Following years of peace talks that are set to culminate in a peace deal, Santos presented the road map of the final weeks of the oldest armed conflict in the hemisphere, that between the FARC and the Colombian state.
“Once we have agreed on everything, the FARC will hold their 10th conference to dissolve itself because the end of the conflict means the end of the FARC as an armed group,” Santos said after meeting with leftist opposition parties.
This rebel conference will be held with the consent of the national government and the military, who have been combating the guerrillas since 1964.
Once a peace deal is reached and the FARC begins the internal preparations for its own dissolution, the government and electoral authorities will begin the preparation of a plebiscite in which Colombians will be asked to either ratify or reject the deal.
Peace talks timeline
Government and FARC come to informal, but final agreement
FARC organizes 10th conference and dissolves itself
Government and FARC sign formal agreement
FARC demobilizes and disarms
This process can begin before the formal signing of the peace deal, according to Santos, and will last approximately six weeks.

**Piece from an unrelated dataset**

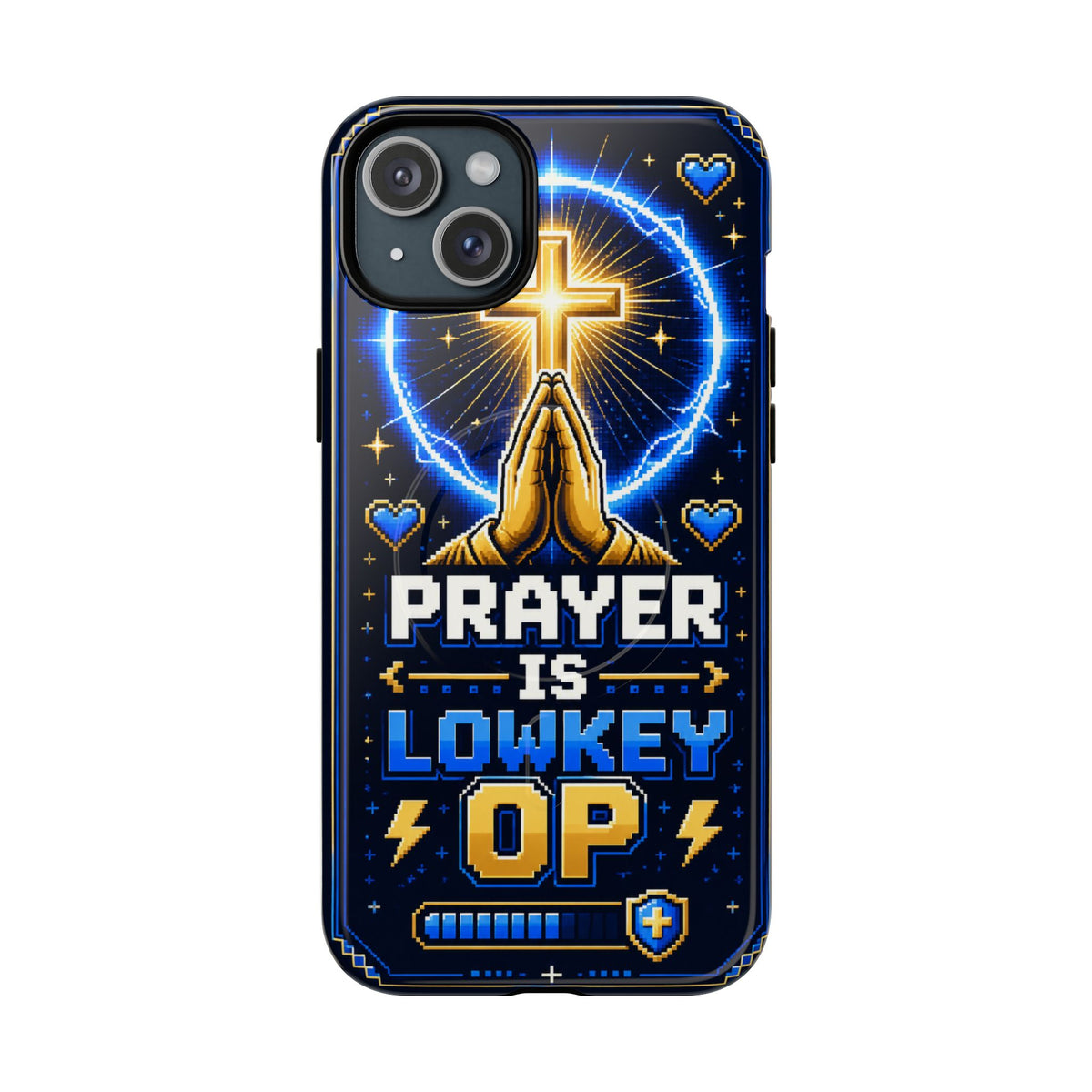 Prayer Is Lowkey OP Magsafe Phone Case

“The official signing will be carried out after the FARC conference … and before the plebiscite. I calculate it would take two or three weeks between finalizing the agreements and the FARC realizing its conference,” said Santos.
The president’s coalition in Congress, the leftist opposition and social organizations have all committed to campaigning in favor of the deal.
According to Santos, the FARC’s demobilization, disarmament and reintegration process will begin as soon as the Colombian people have ratified the deal.
This process is scheduled to take no longer than six months.
Santos presented no “Plan B” in case the Colombian people reject the deal.
According to the Constitutional Court, a win for the “No” camp will disqualify Santos to implement the peace accord.
However, Congress will be left with the option to ignore the popular vote and proceed with the deal as agreed between the government and the guerrillas.
To prevent this, the government will begin an educational campaign on the contents of the deal, while political parties and social organizations campaign for its approval.
If successful, the peace deal will end more than 52 years of violence between the guerrillas and the state that has left more than 265,000 Colombians killed and approximately 7 million displaced.
A deal would also mark the beginning of a long peace and reconciliation process that includes a transitional justice tribunal to try alleged war criminals and far-stretching political and social reforms that seek to tackle some of the primary causes of the armed conflict.